The van will sit on the side of the road with cameras mounted inside to snap photos of traffic violators.
Police will test the van's systems for one week starting Aug. 15. They'll also use that time to get the word out about photo enforcement so drivers won't be caught by surprise.
Starting Aug. 22, the mobile van will target school zones, accident-prone intersections and areas where people have indicated motorists drive recklessly or too fast, said Lt. Mike Pryor, commander of the Police Department's traffic division.
It will be deployed mainly in school zones, Pryor said.
Mayor and City Council aides got a peek at the van Friday. "The goal is to reduce the amount of speeding and red-light running in Tucson.
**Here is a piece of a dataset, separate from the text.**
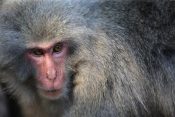 japonski rdečelični makakik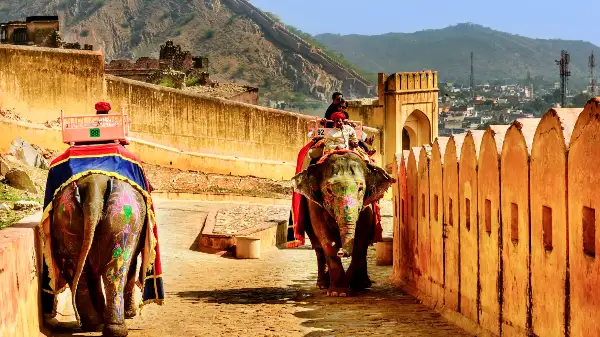 Rajasthan Family Tour Packages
We have too much of that," said Andrew Greenhill, Mayor Bob Walkup's chief of staff.
Last fall, the council asked police to study the effectiveness of using photo enforcement.
Pryor said traffic officials looked at cities throughout the United States, including the Phoenix area. They found the technology discourages speeding and reduces the number of major-injury collisions in intersections.
In January the council approved a yearlong pilot program for photo enforcement, which includes the mobile radar van and eight red-light cameras positioned at intersections where collisions frequently occur.
Pryor could not yet say where those cameras will be.
At town hall meetings residents expressed concerns about privacy violations, Greenhill said. But the cameras will be activated only when a violation takes place, which alleviates some of those concerns, he said.
When a violation is detected, a photo of the violator and the vehicle's license number will be sent to American Traffic Solutions Inc., which owns the enforcement van.
The license number will be used to track the registered owner. If the photo matches the gender of the registered owner, a citation will be sent telling the person to pay the fine, identify the violator or schedule an appearance in court.
If someone says he or she wasn't the one driving the car and can prove it with a license photocopy, the citation will be dropped, Pryor said. The person has no legal obligation to identify the person in the photo.
Of the citations sent in Arizona, 65 to 70 percent are adjudicated, which means the violator admits wrongdoing and pays the fine or attends defensive-driving school, said Bill Burke, American Traffic Solutions' program manager in Tucson.
Pryor could not say how much the pilot program will cost the city because it hinges on the number of citations that are sent.
When a violation is paid, American Traffic Solutions gets $33.50 if the citation is generated by the van and $35 if it's generated by red-light cameras.
Speeding violations can cost the offender $147 to $357, depending on how fast the driver is going, and red-light violations can cost $273, Tucson police say.
Pryor and Greenhill emphasized that photo enforcement won't be a revenue generator for the city.
"This is a public-safety issue," Greenhill said.
The van's location will be made clear to the public with signs that indicate motorists are entering a photo-enforcement zone, said Sgt. Decio Hopffer, a Tucson Police Department spokesman.
Once the red-light cameras are installed, their locations will be posted on the Tucson Police Department's Web site.